How is this a failure? That's correct. (If your password hashing library doesn't handle this automatically, of course. But it does the same internally.)
Rather than expecting the password hash library to store something into your application DB, you should be managing the access to that DB yourself.
In our case, we use an immutable attribute of each user as their hash. This might be an internal identifier, or the timestamp on which their account was created, or something like that.
Rather than expecting the password hash library to store something into your application DB, you should be managing the access to that DB yourself.
You do manage it yourself. Password hashing library doesn't access your database, it produces a string that you store, which includes salt and password hash.
In our case, we use an immutable attribute of each user as their hash
What? You really need to talk to security-competent people.
> In our case, we use an immutable attribute of each user as their hash.
I assume you mean "as their salt". And even then, why the half-measure? Just laziness? Sure, a guessable/computable salt is better than no salt, but it's not nearly as good as a random salt.
I'm not too familiar with this library, but on inspection this approach seems to have a couple of drawbacks that libraries like bcrypt solve for you:
1) You need to store the salt alongside the password.
2) If you want to futureproof the stretching factor (e.g. change from 100000 to 1000000), you need to store that alongside the password hash as well.

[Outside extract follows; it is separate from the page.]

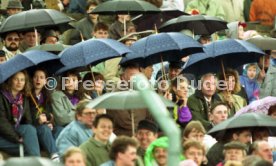 26.03.90 Dresden Fussball Gala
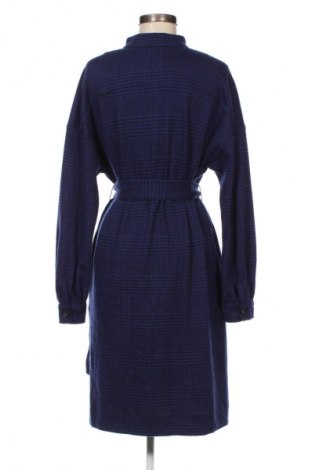 Φόρεμα Josephine & Co, Μέγεθος M, Χρώμα Πολύχρωμο, Τιμή 48,99 €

3) If you want to futureproof the hashing algorithm, you need to store that alongside the password hash.
The value of the *crypt solutions is that they store the input parameters as part of the stored secret. So you can make adjustments later on without invalidating existing stored passwords, or having to resort to annoying "double-hashes" to migrate to a new approach.
I don't understand your comment about the ORM needing to handle passwords. It's a simple fetch of a field from the DB, which you then pass as an input to your password validator. How is that any harder than fetching a salt and a hash and passing those to your validator?